TASK DESCRIPTION
Please give back each line of the material unchanged, but without the images.

*** Opening of AVAILABLE RECORDS ***

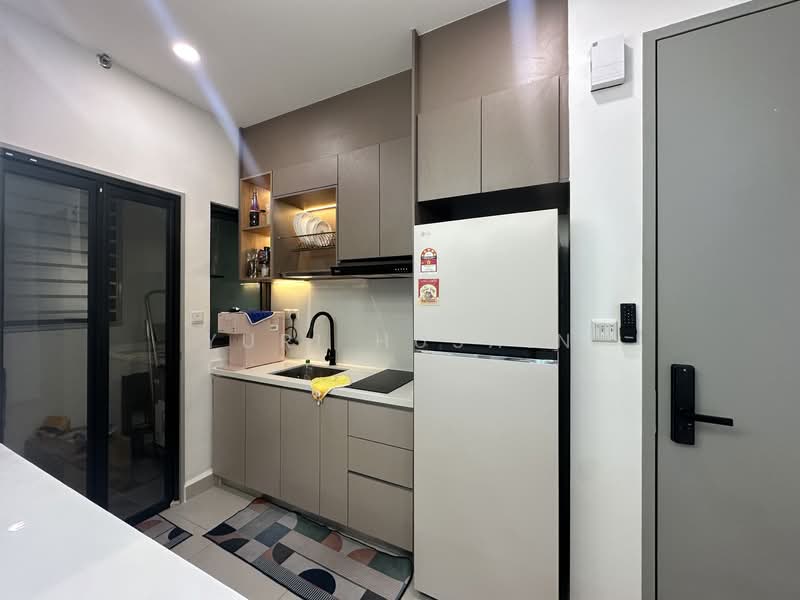 Service Residence for Rent at Maya Bay Residences @ Gamuda Cove - YURI HUSAIN - Kitchen - PropertyGuru.com.my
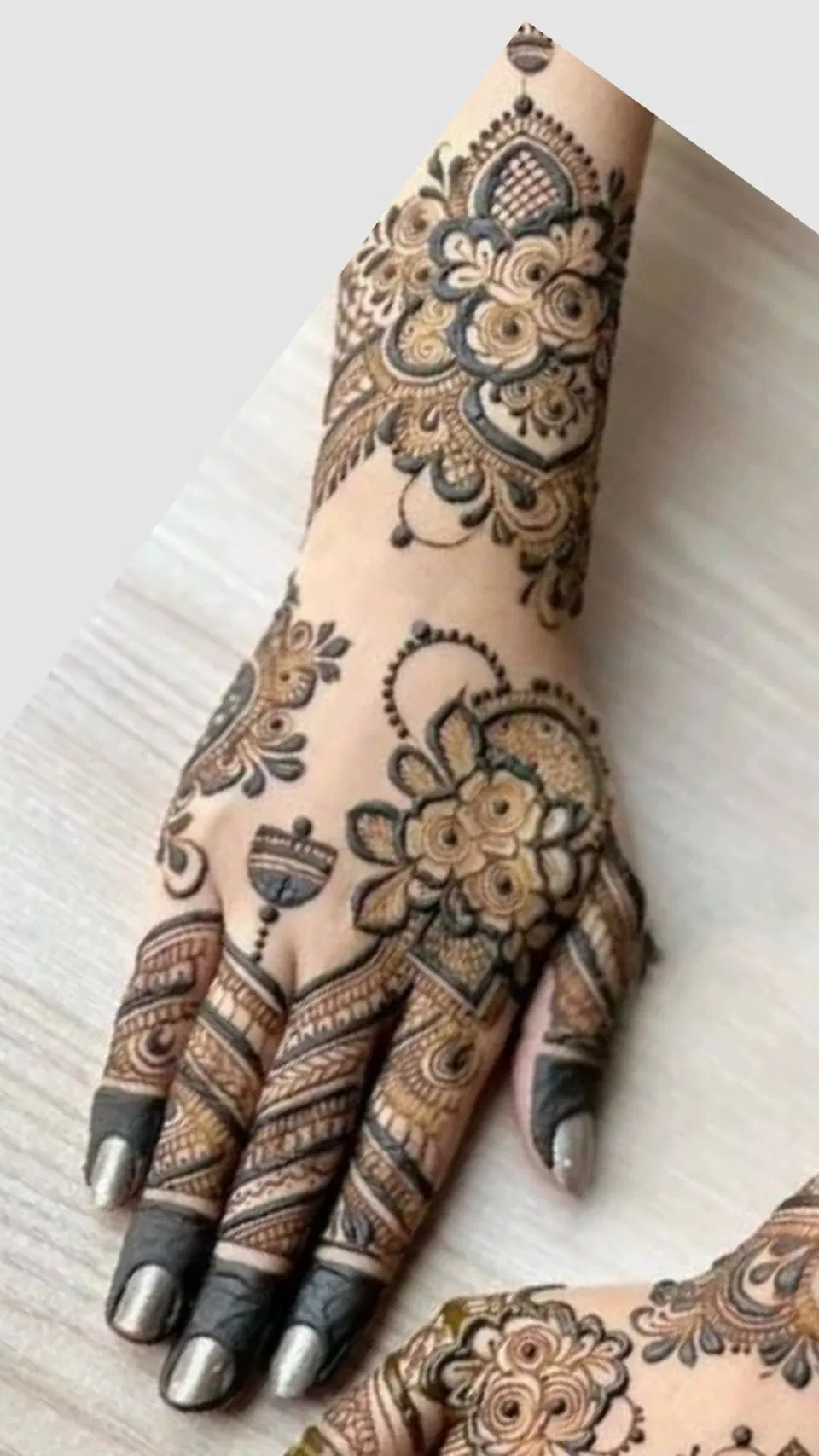 Arabic Bridal Back Hand Mehndi Design for Eid (3)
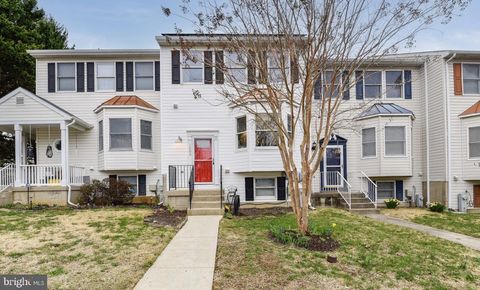 Townhouse For Sale - 1603 Elkwood Court<br/> ANNAPOLIS, MD 21409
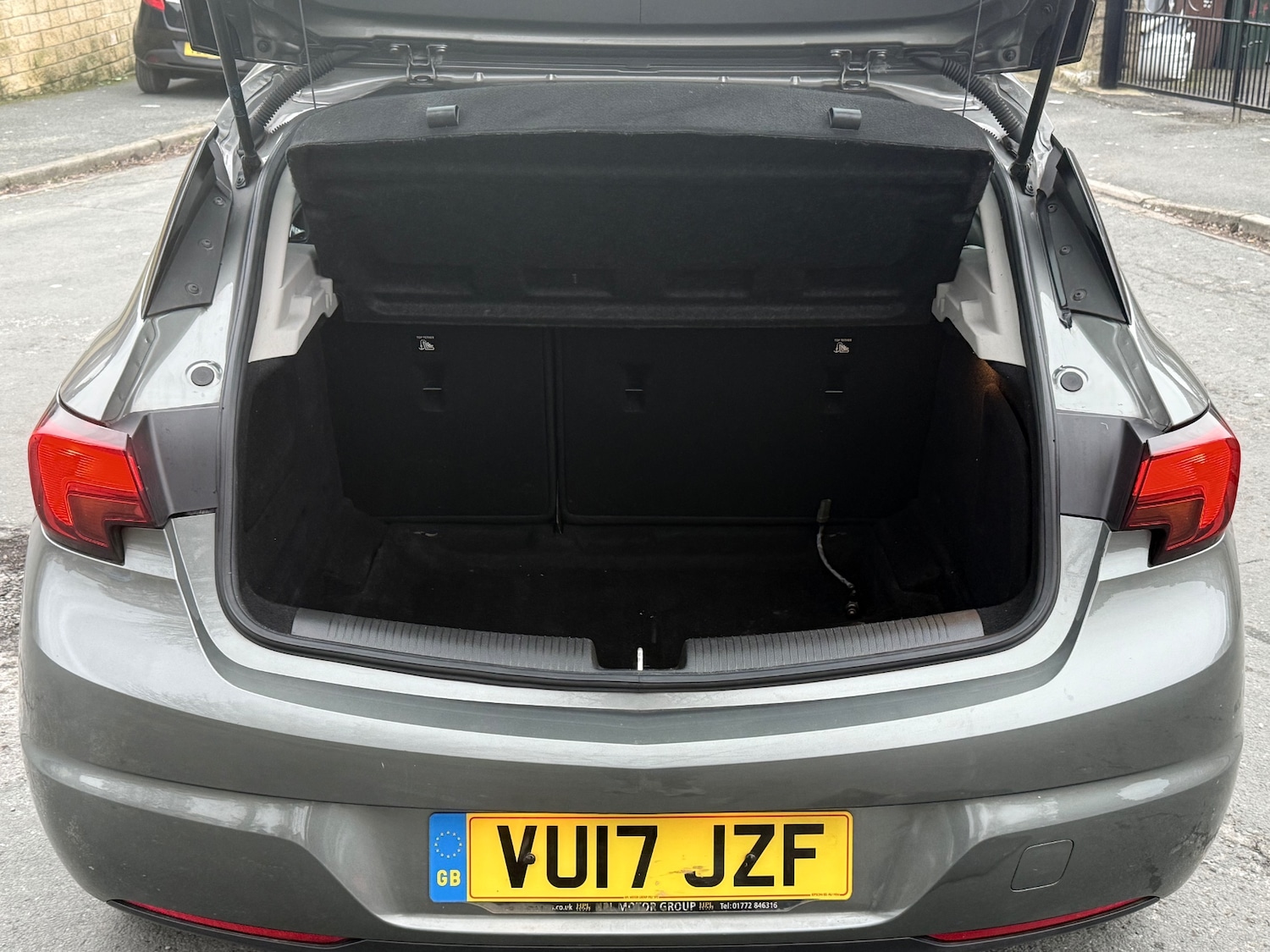 Used Vauxhall Astra 2017 for sale - 77637067: Photo 7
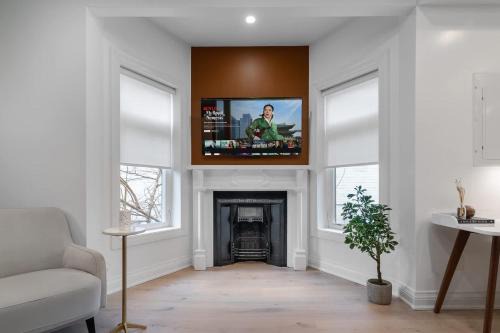 Designer 2BR Apt Fireplace & Movie Nights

*** Close of AVAILABLE RECORDS ***

PROBLEM SOLUTION
 Service Residence for Rent at Maya Bay Residences @ Gamuda Cove - YURI HUSAIN - Kitchen - PropertyGuru.com.my
 Arabic Bridal Back Hand Mehndi Design for Eid (3)
 Townhouse For Sale - 1603 Elkwood Court<br/> ANNAPOLIS, MD 21409
 Used Vauxhall Astra 2017 for sale - 77637067: Photo 7
 Designer 2BR Apt Fireplace & Movie Nights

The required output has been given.